Short text fragments from websites
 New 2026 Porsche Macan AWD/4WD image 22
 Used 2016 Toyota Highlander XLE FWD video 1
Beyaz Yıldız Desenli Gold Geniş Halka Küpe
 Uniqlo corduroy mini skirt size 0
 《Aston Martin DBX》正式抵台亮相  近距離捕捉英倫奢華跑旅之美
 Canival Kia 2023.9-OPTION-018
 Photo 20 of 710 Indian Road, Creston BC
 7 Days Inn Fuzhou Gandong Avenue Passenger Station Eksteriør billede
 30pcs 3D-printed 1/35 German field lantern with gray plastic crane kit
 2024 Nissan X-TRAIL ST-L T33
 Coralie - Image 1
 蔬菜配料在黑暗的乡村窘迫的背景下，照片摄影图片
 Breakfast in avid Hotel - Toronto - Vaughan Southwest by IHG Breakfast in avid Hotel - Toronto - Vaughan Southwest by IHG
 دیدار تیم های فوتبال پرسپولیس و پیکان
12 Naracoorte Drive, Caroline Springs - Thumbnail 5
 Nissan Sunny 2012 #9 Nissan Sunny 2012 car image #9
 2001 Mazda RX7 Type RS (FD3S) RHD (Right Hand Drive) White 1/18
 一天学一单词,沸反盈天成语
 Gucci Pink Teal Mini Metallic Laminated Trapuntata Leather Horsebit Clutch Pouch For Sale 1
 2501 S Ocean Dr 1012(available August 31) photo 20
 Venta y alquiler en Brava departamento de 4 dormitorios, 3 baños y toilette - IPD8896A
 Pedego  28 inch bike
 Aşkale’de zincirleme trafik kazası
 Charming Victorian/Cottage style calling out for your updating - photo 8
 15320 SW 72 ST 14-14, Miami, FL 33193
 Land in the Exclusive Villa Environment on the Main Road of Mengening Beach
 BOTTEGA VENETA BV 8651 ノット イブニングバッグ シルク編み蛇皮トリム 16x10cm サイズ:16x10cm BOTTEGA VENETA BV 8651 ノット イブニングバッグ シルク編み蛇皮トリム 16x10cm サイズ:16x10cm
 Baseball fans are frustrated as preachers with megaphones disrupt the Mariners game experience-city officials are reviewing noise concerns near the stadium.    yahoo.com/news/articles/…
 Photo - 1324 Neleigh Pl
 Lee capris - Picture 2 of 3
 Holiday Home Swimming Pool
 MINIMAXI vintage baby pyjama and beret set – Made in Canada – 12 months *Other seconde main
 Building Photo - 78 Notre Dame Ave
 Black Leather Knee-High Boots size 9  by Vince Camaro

* WORK ORDER:
Reproduce exactly the lines above from the line with "دیدار تیم های فوتبال پرسپولیس و پیکان" to the line with "16x10cm サイズ:16x10cm BOTTEGA", including both, and add nothing.

* ANSWER SPACE:
 دیدار تیم های فوتبال پرسپولیس و پیکان
12 Naracoorte Drive, Caroline Springs - Thumbnail 5
 Nissan Sunny 2012 #9 Nissan Sunny 2012 car image #9
 2001 Mazda RX7 Type RS (FD3S) RHD (Right Hand Drive) White 1/18
 一天学一单词,沸反盈天成语
 Gucci Pink Teal Mini Metallic Laminated Trapuntata Leather Horsebit Clutch Pouch For Sale 1
 2501 S Ocean Dr 1012(available August 31) photo 20
 Venta y alquiler en Brava departamento de 4 dormitorios, 3 baños y toilette - IPD8896A
 Pedego  28 inch bike
 Aşkale’de zincirleme trafik kazası
 Charming Victorian/Cottage style calling out for your updating - photo 8
 15320 SW 72 ST 14-14, Miami, FL 33193
 Land in the Exclusive Villa Environment on the Main Road of Mengening Beach
 BOTTEGA VENETA BV 8651 ノット イブニングバッグ シルク編み蛇皮トリム 16x10cm サイズ:16x10cm BOTTEGA VENETA BV 8651 ノット イブニングバッグ シルク編み蛇皮トリム 16x10cm サイズ:16x10cm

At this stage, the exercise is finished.